In the Matter of the Arbitration
of a Dispute Between
CITY OF LAKE MILLS
JEFFERSON COUNTY EMPLOYEES,
LOCAL 655-C, AFSCME, AFL-CIO
Mr. Michael Lewis, City Manager, on behalf of the Employer.
Mr. Thomas Larsen, Staff Representative, Wisconsin Council 40, AFSCME,
AFL-CIO, on behalf of the Union.
The above-entitled parties, herein the Employer and Union, are privy to a collective bargaining agreement providing for final and binding arbitration. Pursuant thereto, I heard this matter on July 10, 1990, in Lake Mills, Wisconsin. The hearing was not transcribed and neither party filed a brief.
Based upon the entire record, I issue the following Award.
The parties have agreed to the following issue: (1)
Was grievant Robert Scherr entitled to out-of-classification pay for work he performed on February 24 and 25, 1990, (2) and if so, what is the appropriate remedy?
The Employer for a number of years has always paid out-of-classification pay to its wastewater treatment plant employes whenever they worked on a weekend when the foreman was not present, a situation which occurred about 3-4 times a year.
On Saturday, February 24, and Sunday, February 25, Scherr filled in for the foreman.
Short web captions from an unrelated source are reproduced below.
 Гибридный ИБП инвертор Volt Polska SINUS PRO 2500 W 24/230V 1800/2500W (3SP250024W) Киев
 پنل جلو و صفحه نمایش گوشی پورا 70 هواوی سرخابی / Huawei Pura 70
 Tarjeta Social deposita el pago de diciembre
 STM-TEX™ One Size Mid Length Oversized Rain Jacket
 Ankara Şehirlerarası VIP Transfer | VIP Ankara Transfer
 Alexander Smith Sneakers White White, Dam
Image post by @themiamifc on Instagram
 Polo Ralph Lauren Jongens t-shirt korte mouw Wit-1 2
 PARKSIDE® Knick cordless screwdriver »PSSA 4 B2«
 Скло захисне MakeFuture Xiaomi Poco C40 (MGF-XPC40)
The Employer refused to give him out-of-classification pay on the ground that the parties had just agreed in their recently concluded 1990 collective bargaining negotiations that the higher rate would only be paid if employes were called in for emergency work.
In response, the Union asserts that while it tentatively agreed to such a proposal in negotiations at the January 8 collective bargaining session, it did so in the context of an overall package which the Employer rejected at that time and that, as a result, it no longer is bound to any such understanding. It thus points out that the parties subsequently met and signed off to a January 18 settlement agreement which was totally silent on this issue and which expressly provided: "6. All other proposals are to be dropped by both parties." That is why, the Union says, it never even brought back this particular item to the Union membership when it voted upon whether to ratify the contract.
The Employer counters by saying that this understanding was a "side" arrangement, one which was agreed to independently of the other contract negotiations and that it would be unfair to now allow the Union to renege on this understanding because it was never codified in writing.
Normally, the Union would prevail in circumstances where, as here, the final January 16 settlement agreement which was initiated by both parties fails to include any language whatsoever on the out-of-classification pay issue and when the contract itself is silent on the issue. For since that agreement by its own terms encompassed the total bargain mutually agreed to between the parties, there ordinarily would be no basis for holding that the out-of-classification issue was also part of that bargain.
But here, we have one very important fact which must be considered - i.e. the testimony here of then acting Union president Wayne Hoffman who testified that the parties did reach a mutual agreement that out-of-classification pay would only be paid in emergency situations. Hoffman added that he specifically reported back to the membership and told them about the City's proposal to limit out-of-classification pay, and that the members "understood what was going on."
Given this admission, there is no question but that a mutual agreement was reached on this issue outside the context of the rest of the negotiations then taking place. That, apparently, was why it was not subsequently codified in the contract. As a result, it would be inequitable to now force the Employer to pay the out-of-classification pay in issue when the parties have agreed that it should not be paid.
Hence, it is my
That grievant Robert Scherr was not entitled to out-of-classification pay for work he performed on February 24 and 25, 1990; the grievance therefore is denied.
Dated at Madison, Wisconsin this 24th day of August, 1990.